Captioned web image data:
• • • • •
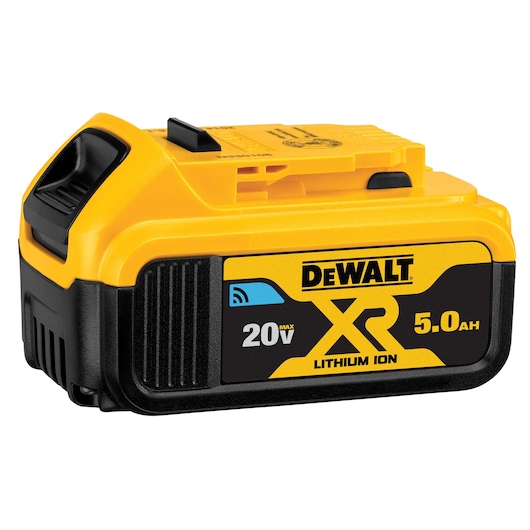 Side view of 20 Volt Tool Connect 5 AMP hours Battery
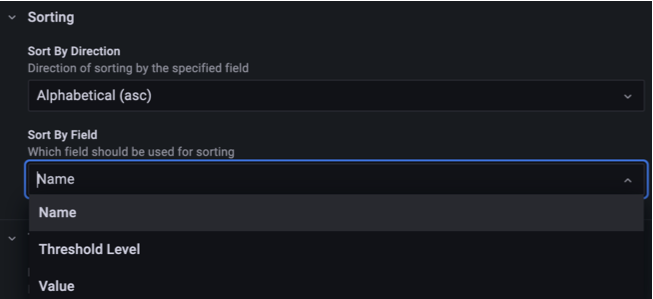 Sorting Fields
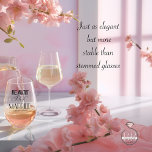 Essen Sie trinken und seien Sie Verheiratet Gatsby Weinglas Ohne Stiel<br><div class="desc">Gatsby Style Eat Drink und Verheiratet Typografie in verschiedenen lustigen Gatsby-Schriftart - fügen Sie den Namen und das Datum (auf der Rückseite) in einem glatten nicht serf Schriftart - ideal für die Probe Abendessen vor der Hochzeit Oder die Hochzeit selbst - ©WhimsicalArtwork™</div>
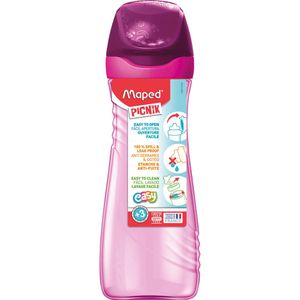 Maped Trinkflasche Picnik, Origins Kids 871701, aus Kunststoff, pink, Klappdeckel & Sportverschluss, 580 ml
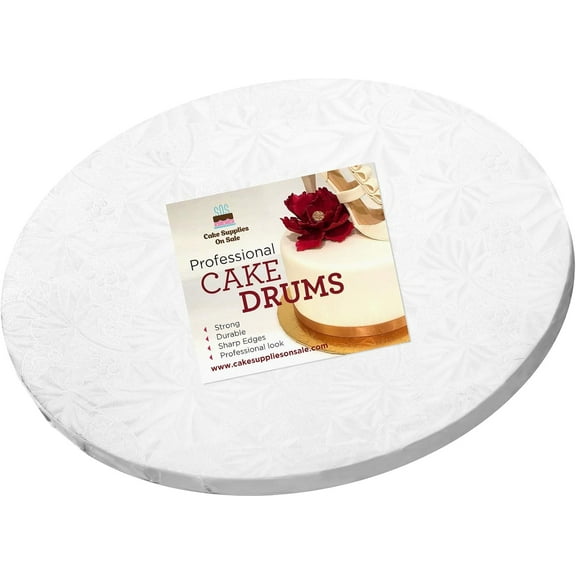 9" White Round Drum 1/2"  thick, single unit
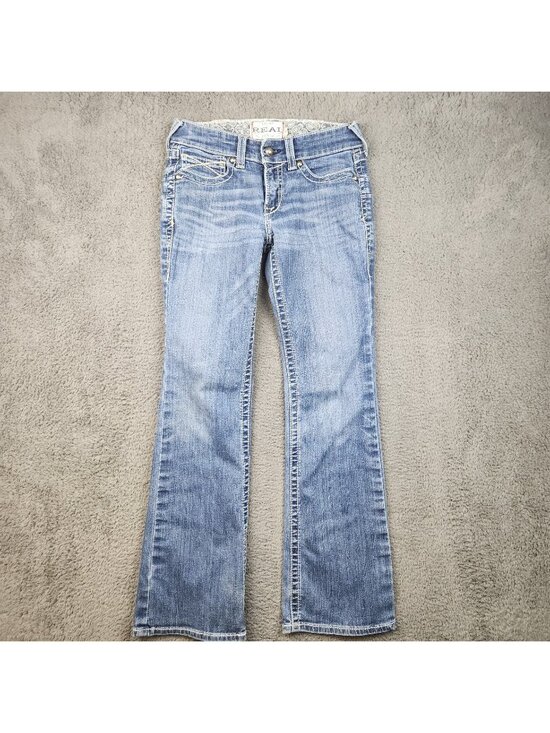 Ariat Denim - ARIAT Women's R.E.A.L. Mid Rise Stretch Original Boot Cut Jean Size 27S Riding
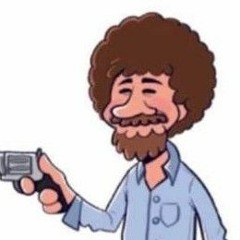 Bob Ross with a .44 Magnum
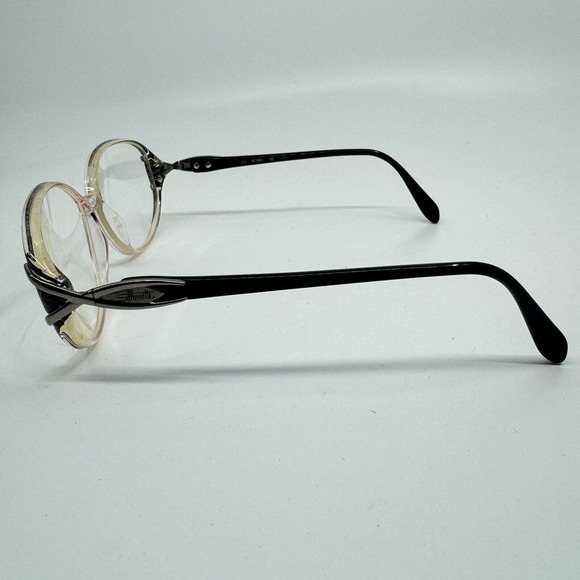 SILHOUETTE SPX M 1883 /20 6060 54-12 Clear Black Eyeglasses H10298 - Picture 2 of 7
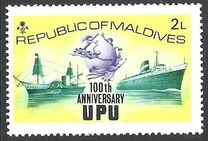 [The 100th Anniversary of Universal Postal Union, տեսակ SA]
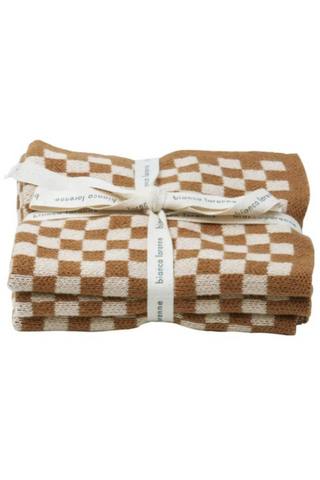 Chekka Washcloths - Clay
• • • • •
▶ **Work instruction**
No pictures should appear in the copy. Reproduce exactly the lines from the line containing "thick, single unit" through the last line of the data, inclusive.

▶ **Result for this task**
 9" White Round Drum 1/2"  thick, single unit
 Ariat Denim - ARIAT Women's R.E.A.L. Mid Rise Stretch Original Boot Cut Jean Size 27S Riding
 Bob Ross with a .44 Magnum
 SILHOUETTE SPX M 1883 /20 6060 54-12 Clear Black Eyeglasses H10298 - Picture 2 of 7
 [The 100th Anniversary of Universal Postal Union, տեսակ SA]
 Chekka Washcloths - Clay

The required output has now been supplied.